RECORDS SUPPLIED:
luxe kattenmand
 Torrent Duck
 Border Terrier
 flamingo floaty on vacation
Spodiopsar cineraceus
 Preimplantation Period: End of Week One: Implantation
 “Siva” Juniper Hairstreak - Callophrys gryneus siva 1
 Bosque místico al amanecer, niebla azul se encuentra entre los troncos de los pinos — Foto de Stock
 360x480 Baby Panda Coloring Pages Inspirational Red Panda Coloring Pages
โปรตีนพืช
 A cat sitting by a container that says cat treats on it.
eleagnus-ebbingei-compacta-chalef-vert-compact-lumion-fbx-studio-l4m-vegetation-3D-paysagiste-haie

PROBLEM REQUIREMENTS:
Reproduce the full listing exactly.

OUTPUT FOR THIS EXERCISE:
luxe kattenmand
 Torrent Duck
 Border Terrier
 flamingo floaty on vacation
Spodiopsar cineraceus
 Preimplantation Period: End of Week One: Implantation
 “Siva” Juniper Hairstreak - Callophrys gryneus siva 1
 Bosque místico al amanecer, niebla azul se encuentra entre los troncos de los pinos — Foto de Stock
 360x480 Baby Panda Coloring Pages Inspirational Red Panda Coloring Pages
โปรตีนพืช
 A cat sitting by a container that says cat treats on it.
eleagnus-ebbingei-compacta-chalef-vert-compact-lumion-fbx-studio-l4m-vegetation-3D-paysagiste-haie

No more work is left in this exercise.